New York futures slid as much as 1.3 per cent, with US President Donald Trump set to make a call on whether he'll pull out of a 2015 deal between Iran and world powers that had eased sanctions on the producer in return for curbs on its nuclear programme. In the previous session, prices briefly slid below US$70 after breaching the level for the first time in 31/2 years, following news that an announcement will be made at 2pm on Tuesday in Washington.
The price volatility has been spurred by swirling speculation over the impending decision. While foreign officials and analysts say Mr Trump is likely to remove the US from the pact, the President may also surprise allies by agreeing to stay in the accord a while longer as American and European diplomats forge side deals aimed at addressing his concerns.
The potential fallout in the oil market is unclear. While consultant FGE is among industry watchers who have said renewed US measures may cut production from Opec's third-largest member, Barclays Plc sees Iran's output little changed in 2018. How European and Asian oil buyers deal with possible American action, as well as the effect on Opec's output curbs aimed at shrinking a global glut, will also be watched.
"Reaching the US$70 milestone gave investors a sense of accomplishment and triggered profit-taking," Satoru Yoshida, a commodity analyst at Rakuten Securities Inc, said by phone from Tokyo. Still, "oil is trading around US$70 as the market is factoring in the possibility that the US will unilaterally terminate the Iran deal and reimpose sanctions."
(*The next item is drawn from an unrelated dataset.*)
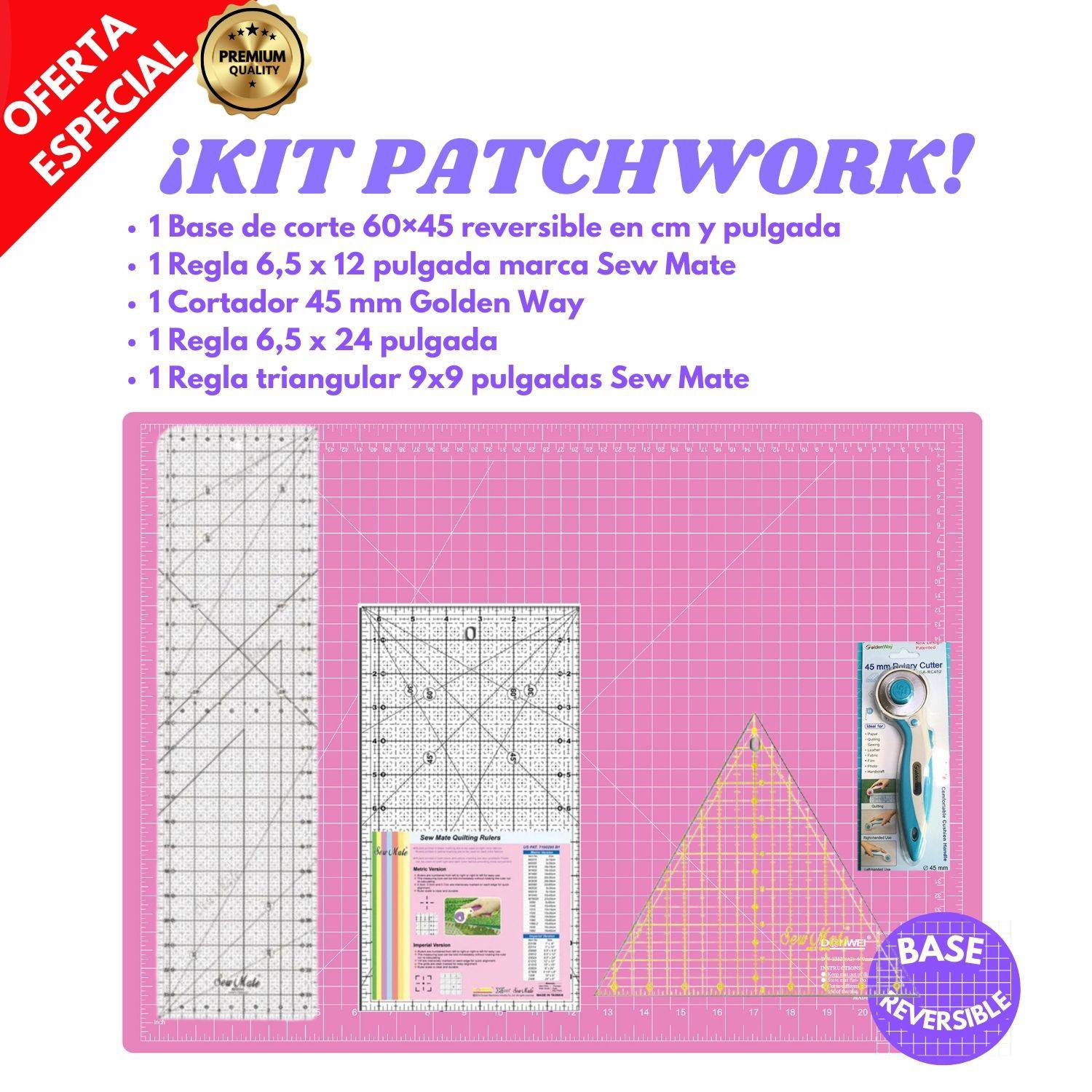 GENERICO Kit para patchwork con set de reglas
West Texas Intermediate oil for June delivery dropped as much as 94 cents to US$69.79 a barrel on the New York Mercantile Exchange and traded at US$70.04 at 3.30pm in Singapore. The contract climbed US$1.01 to US$70.73 on Monday. Total volume traded was about 26 per cent above the 100-day average.
Brent for July settlement fell 60 cents to US$75.57 a barrel on the London-based ICE Futures Europe exchange. Prices on Monday climbed 1.7 per cent to US$76.17. The global benchmark crude traded at a US$5.55 premium to July WTI.
Futures for September delivery rose 0.2 per cent to 459.1 yuan (S$96.48) a barrel on the Shanghai International Energy Exchange. The contract rose 2.6 per cent on Monday.
While oil has rallied this year on everything from heightened geopolitical risks in the Middle East to persistent output curbs by Opec and turmoil in Venezuela, it's been driven by speculation over Iran in recent days. It's helped overshadow booming US production that risks undermining Opec's production curbs.
A potential US withdrawal isn't backed by any of the other five countries that are part of the agreement. UK Foreign Minister Boris Johnson is in Washington this week to make a last-ditch argument to persuade Mr Trump to remain in the accord, following visits by French President Emmanuel Macron and German Chancellor Angela Merkel.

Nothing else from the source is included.